The implementation of the African Continental Free Trade Agreement (AfCFTA) will create opportunities for the BRICS investment partners to develop infrastructure on the continent, says President Cyril Ramaphosa.
South Africa, he says, sees an important role for the BRICS formation to contribute to these efforts.
The President made these remarks at a cocktail reception he hosted in honour of African Ambassadors accredited to Brazil. President Ramaphosa is in the South American country, where he is leading a South African delegation to the 11th BRICS Summit from 13 - 14 November 2019.
"We seek to build a more inclusive partnership between the leaders of BRICS countries and the elected leaders of African institutions. Apart from the BRICS Framework of Cooperation, BRICS countries have worked individually to promote cooperation and development with Africa," the President said.
President Ramaphosa said the partnership pursued through the BRICS-Africa outreach is rooted in a firm belief in the political, economic and social potential of the African continent.
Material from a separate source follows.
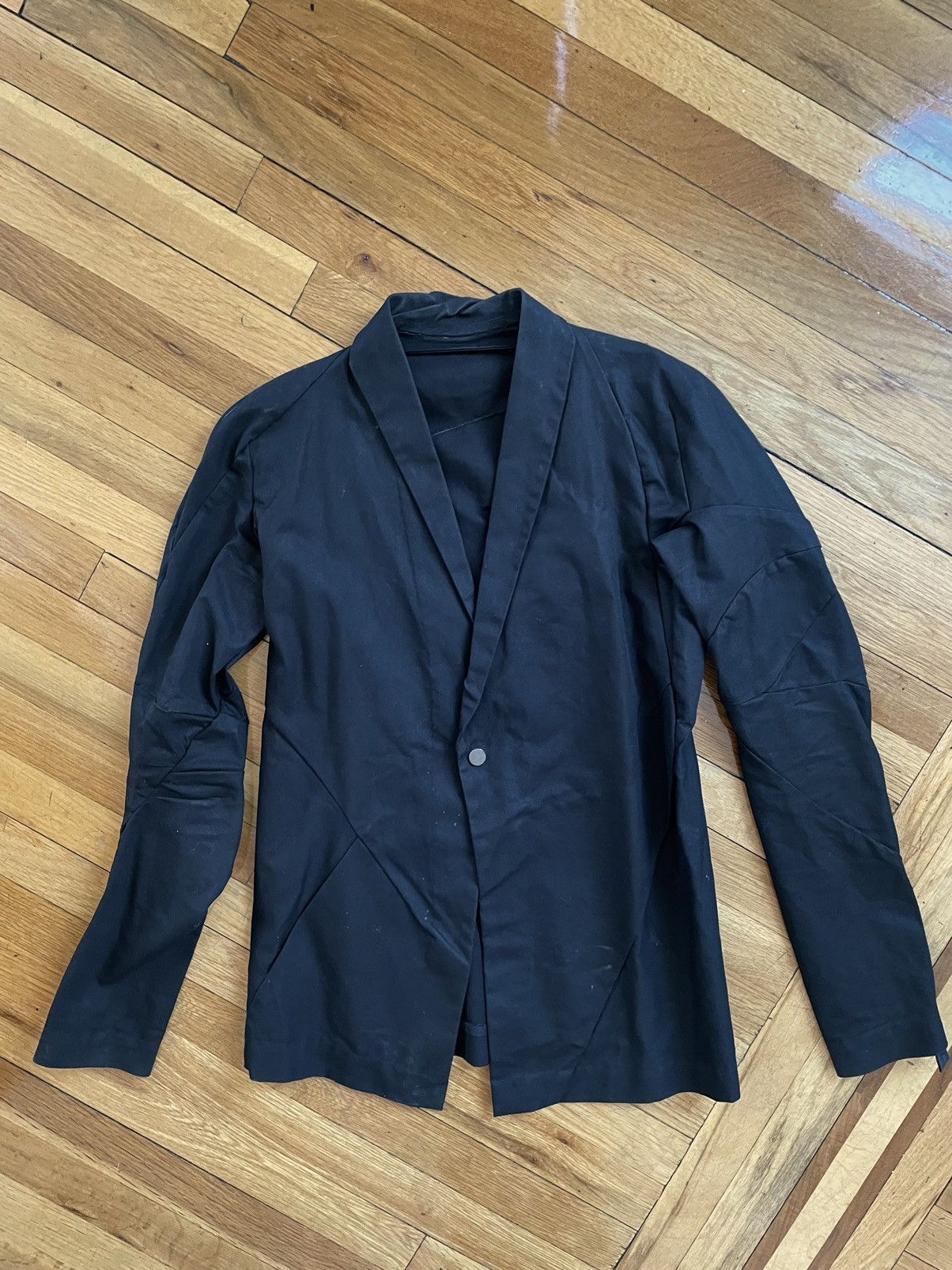 image of Leon Emanuel Blanck Distortion Canvas Jacket in Black, Men's (Size Medium)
"It speaks to the promotion of peace and security, advancing industrial capacity and economic integration, and champions a people-centred approach to sustainable development.
"As African nations, there has never been a better time to deepen our collaboration to ensure the African Continental Free Trade Area, our most ambitious collective venture yet, is a success."
This, he said, is an opportunity to grow the continent's economies and to use its considerable collective resources to uplift citizens and improve their conditions.
"Together, we are working to grow the economies of African countries through innovation, infrastructure development and trade."
Speaking on the pending countdown to the launch of the AfCFTA, the President was confident the agreement would, in addition to its economic impact, have far-reaching political, social, physical and international effects.
"On the economic front, it will improve access to existing markets and lead to the creation of new ones. The free flow of goods and services will enable African businesses and entrepreneurs to expand their horizons and unleash the industrial capability of the continent.
"The removal of trade barriers will lower prices and benefit consumers. Business costs will be reduced and business efficiency will be raised," said President Ramaphosa.
On the political front, he said, the AfCFTA will help to consolidate the union among all African States and reduce the potential for conflict.
"From a social perspective, it is likely to result in a more cosmopolitan Africa as the greater movement of people and skills brings more people of diverse backgrounds and nationalities together," he said.
He said the AfCFTA will also have a broader international impact as Africa will be able to deal with other trade blocs from a position of greater strength, able to demonstrate economies of scale.
As the incoming chair of the African Union next year, South Africa will put great emphasis on giving effect to the agreement on the Continental Free Trade Area.